# Moderlieschen laichen?



## Teichforum.info (21. Juli 2004)

Hallo zusammen.

Meine __ Moderlieschen laichen schon bald 3 Monate lang! Immer wieder sehe ich einige Männchen die Eier bewachen.
Nur wo bleiben die Jungtiere!

Ich hab bis heute kein einziges Jungtier gesehen. 
Wurden alle gefressen?


----------



## Teichforum.info (21. Juli 2004)

hi,
die jungen bleiben sehr lange sehr klein. meine sind nun nach 1 monat ca. 1cm und sehr dünn (teilweise auch noch weniger). sie sind fast durchsichtig und halten sich nur im dickicht auf.

im gegensatz dazu die goldies genauso alt haben gute 3cm und sind fette monster  also nur geduld.

MfG


----------



## Teichforum.info (21. Juli 2004)

Hallo Rolando, 

die wirste noch früh genug sehen...und Dir wünschen das einige davon gefressen worden wären.
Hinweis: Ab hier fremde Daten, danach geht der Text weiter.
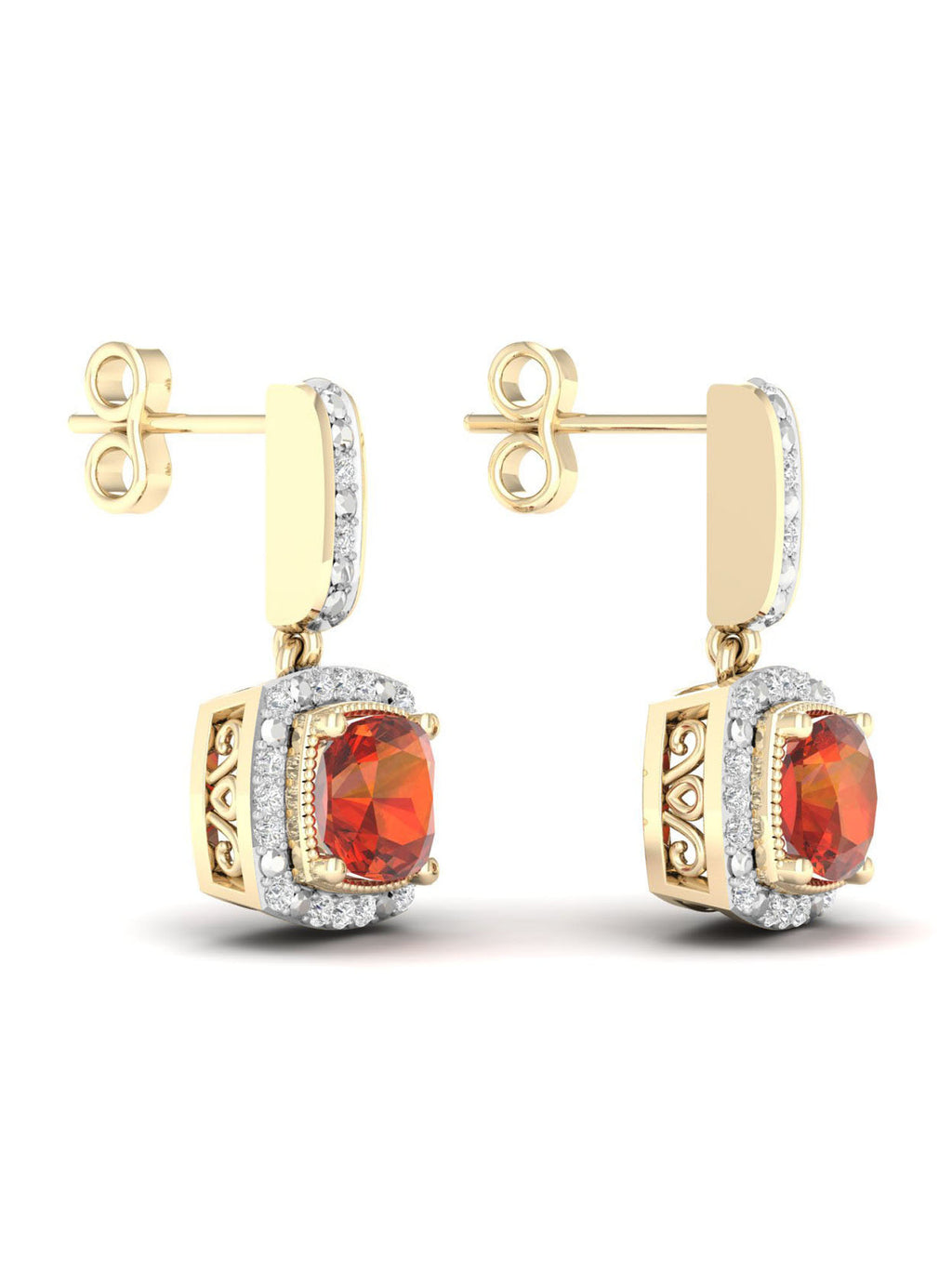 10K Yellow Gold Madeira Citrine Diamond Halo Earrings B2686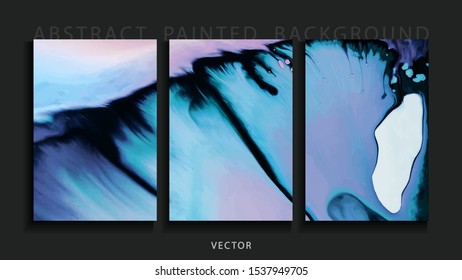 Set of abstract painted background, flyer, business card, brochure, poster, for printing. Trend vector.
Meine Jungfische...zum Glück nicht mehr allzuviele(dank Sonnenbarsch  ) halten sich auch zwischen den Pf. auf und sind mehr als Scheu.

Nen bischen Gedult...


----------



## Teichforum.info (21. Juli 2004)

häi houu!!!

Nee ich hab noch nicht viele Pflanzen und ich seh' das ganze Gewässer! (Überblick)

Da sind K E I N E Jungfische!


----------



## Teichforum.info (21. Juli 2004)

mh...dann haste in der tat keine mehr....


----------



## Teichforum.info (21. Juli 2004)

Jo, so sieht es aus!

Ich schätze so 1000-2000 Eier wurden vertilgt!
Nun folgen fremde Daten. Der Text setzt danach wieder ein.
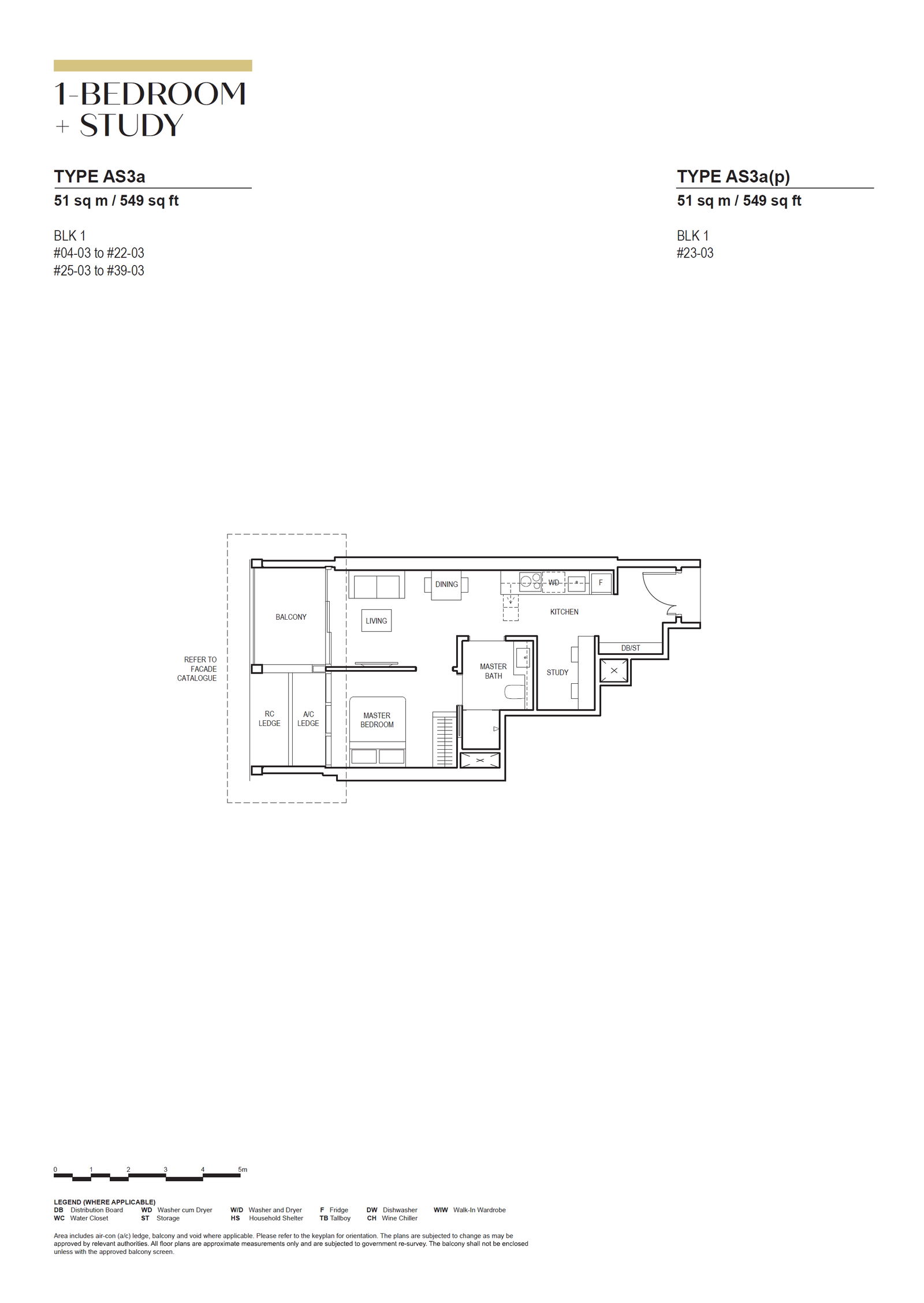 Canninghill Piers floor plan AS3a — 1-BEDROOM + STUDY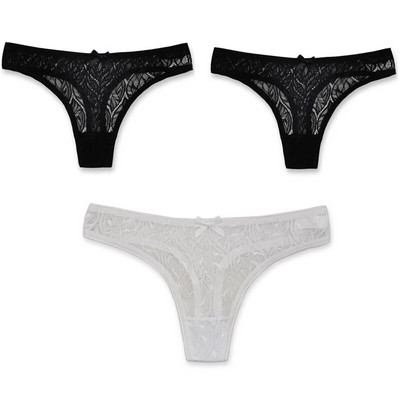 3PCS/Set Seksi mrežaste šuplje gaćice sa žicom Žensko donje rublje Žensko prozirno jednobojno tange niskog struka Prozračno donje rublje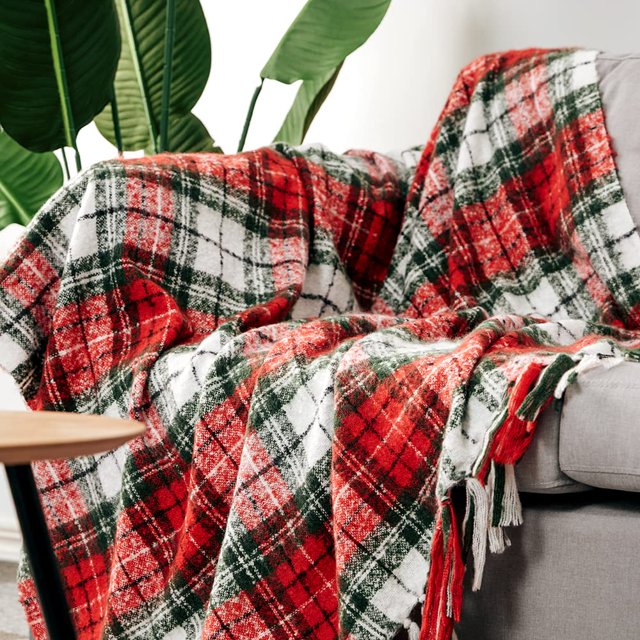 Soft Acrylic Tartan Plaid Throw Blanket Christmas Home Decor Throw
Aber ich weiss nicht genau! Vielleicht waren es die älteren Fische!

Ich habe so 50 __ Moderlieschen!


----------



## Teichforum.info (27. Juli 2004)

HI HO!

Ich hab nun ein paar Eier in ein grösseres Becken umgesiedelt - da spriessen die kleinen Dinger!


----------



## Teichforum.info (29. Juli 2004)

* Moderlieschen*

Moin!
Sei dankbar. Bei mir vermehren die sich schlimmer als jede Kaninchenplage.
Bye
HKL


----------